Mubarak is also known to miss the Arab League summit when important issues are at hand, like the recent one in Khartoum in March. Additionally, he responds to US pressure to crackdown on Islamic and secular political movements that may reflect the Arab street’s position of opposition to Israel; his brutal opposition to pro-democracy movements are met with tacit approval from the US, which again shows it prefers its dictators to the wild card known as democracy. He is also thought to be grooming his son, Jamal, to inherit his authority.
For a long time, it was very convenient, and somewhat justifiable, to classify Egypt’s opposition as terrorist-led. This contributed to the lack of any credible, peaceful resistance to the tyranny of the regime. But finally, Egyptians are speaking up. It is about time. I was ready to give up.
Over the past several years, a serious, populous grassroots movement has been building opposition to the current dictatorship; it is known as the Egyptian National Movement for Change, “Kifaya” for short, which means Enough. But little news of the movement made it into international media.

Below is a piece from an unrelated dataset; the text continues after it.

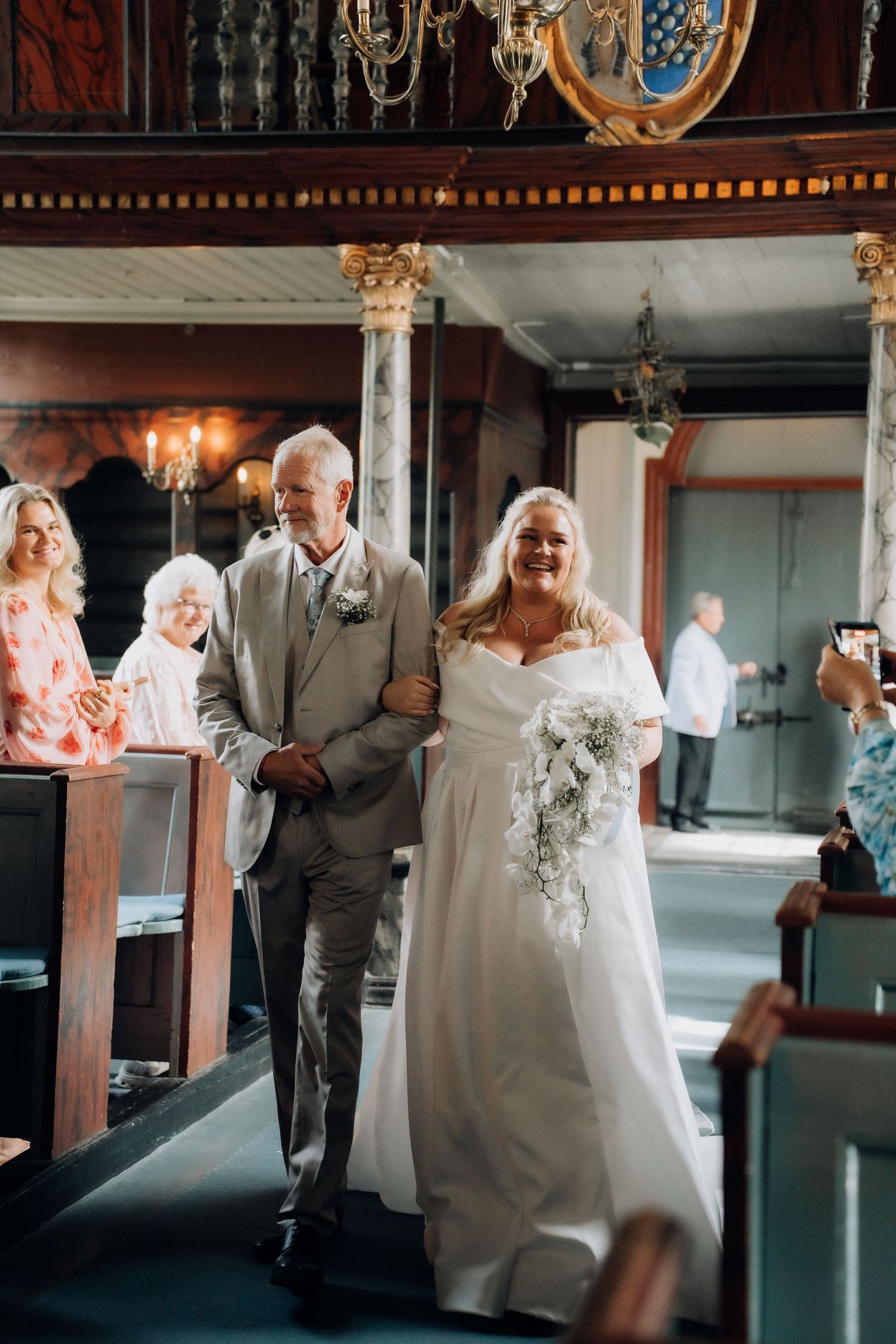 Bride in white off-shoulder gown with cascading bouquet walks down church aisle escorted by man in gray suit.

On the forefront of the Kifaya movement is El Ghad Party, meaning Tomorrow, was founded in 2004. El Ghad leader and founder, Cairo lawyer and independent MP Ayman Nour, has been in jail for over a year. He is being charged with forging ‘Power of Attorney’ on the petition to register his new party. How convenient.
Through the liberal democratic platform of El Ghad, Nour demanded reform, openness, end of martial law, constitutional reform, end of corruption, and improvement of human rights.
According to public opinion polls he would have presented a credible challenge to President Mubarak in the 2005 presidential elections. Though Mubarak does not intend to hold free or open elections any time soon, he still decided not to risk it. He threw Nour in jail before his popularity could grow any further.
Today, the support for the Kifaya movement is growing rapidly, soon after last year’s presidential elections, a large number of judges began a strike to protest election fraud and vote rigging (Judges in Egypt are tasked with observing elections), and the increasing overreach of the executive branch over the judiciary. They continue to protest, especially as more and more of their colleagues are arrested and prosecuted.
Students, professionals, and other members of the public have been holding massive rallies and vigils to protest the government’s ever-increasing brutality, crackdown, censorship, and the worsening over all living situation in Egypt. The government meets their protests with excessive force, attacks on journalists, arrests, kidnappings and torture.
Egypt is a primary US ally; hence it is overlooked when the Bush administration talks of freedom, human rights and democracy in the Middle East, Egypt is the second largest recipient of US foreign aid, after Israel: nearly $2 Billion annually. I’m still looking for the recipient that actually respects human rights. Colombia? As a matter of fact, aid to Egypt is a trade off for befriending Israel, so the moral of the story, if you seek to be a dictator (Saddam) establish a totalitarian regime (Iran’s Ayatollahs) or be a gross abuser of human rights (Sudan’s Basheer) get Israel to vouch for you.
Though the Bush administration occupies hardly any higher moral grounds than those of Mubarak, US aid to Egypt must and should be suspended until there is a complete democratization of Egyptian politics and society; until Ayman Nour and his likes are freed, credible candidates are allowed to run in presidential elections (not only those hand-picked by the president himself), freedoms of press and speech are restored, and human rights are respected.
Kifaya; let’s do away with the tyrant. Egypt has important regional and international roles to reclaim.